其二,以人才振兴全面提高农村应对人口老龄化的劳动力素质与人才储备。我国乡村振兴要求打造一支懂农业、爱农村、爱农民的“三农”工作队伍,明晰农村人口动态、掌握养老服务技能与管理知识等的养老服务人才队伍建设,是题中应有之义。
其三,以组织振兴建立健全现代乡村社会治理体制,确保乡村社会充满活力、安定有序。
一方面,建立以基层党组织为领导、村民自治组织和村务监督组织为基础、集体经济组织和农民合作组织为纽带、其他经济社会组织为补充的村级组织体系。在基层党组织的领导下,健全优化农村应对人口老龄化的组织实施机制与资源配置机制,切实把党的政治领导力、思想引领力、群众组织力、社会号召力转化为积极应对人口老龄化的强大动力。
另一方面,作为老年人自我管理、自我教育、自我服务的老年群众组织,城乡社区基层老年协会是基层老龄工作的重要组织载体,是党和政府联系广大老年群众的桥梁和纽带。

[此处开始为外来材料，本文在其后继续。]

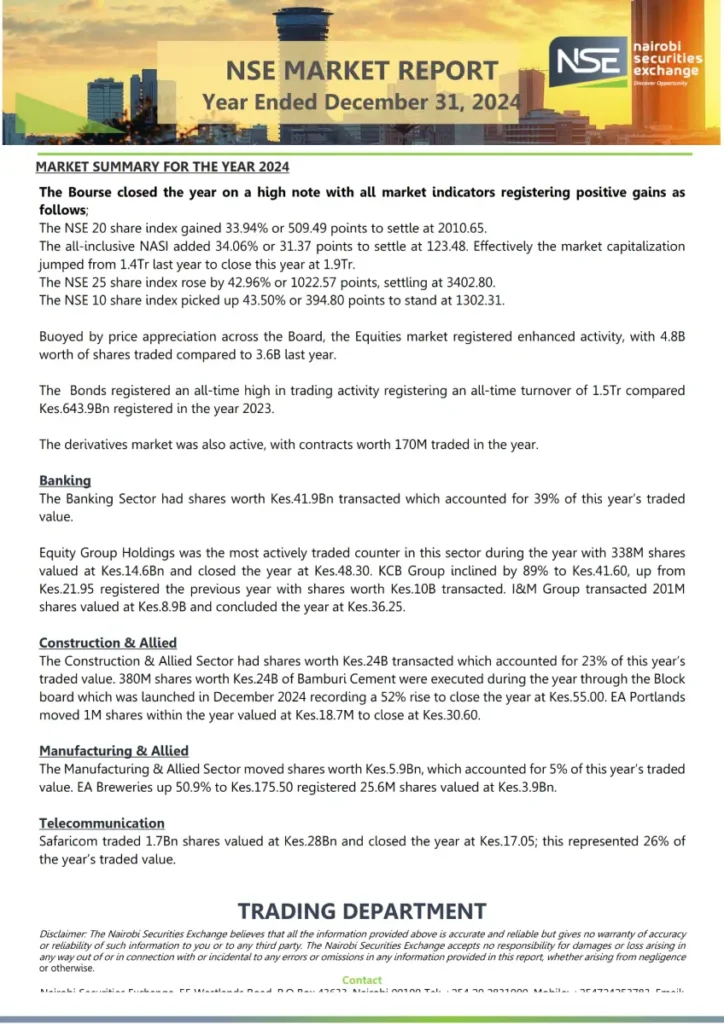 The Nairobi Securities Exchange closed 2024 on a strong performance.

应加强老年协会建设,搭建老年人社会参与的平台,健全老年人社会参与的组织体系。
其四,以生态振兴促进乡村适老化改造,打造宜居适老的乡村环境。通过垃圾治理、污水治理等为老年人提供绿色、环保、干净的居住环境;充分考虑老年人的需求,在农村人居环境整治中同步推进乡村适老化改造。
其五,通过文化振兴建设乡风文明、老龄友好的农村社会。加强农村思想道德建设、传承孝亲敬老良好家风,重视发挥社区教育的作用,在村落中形成“老吾老以及人之老”的良好风气,丰富乡村文化生活,为农村人口提供更加丰富的文化活动,将农村建设成人人共享的老龄友好社会。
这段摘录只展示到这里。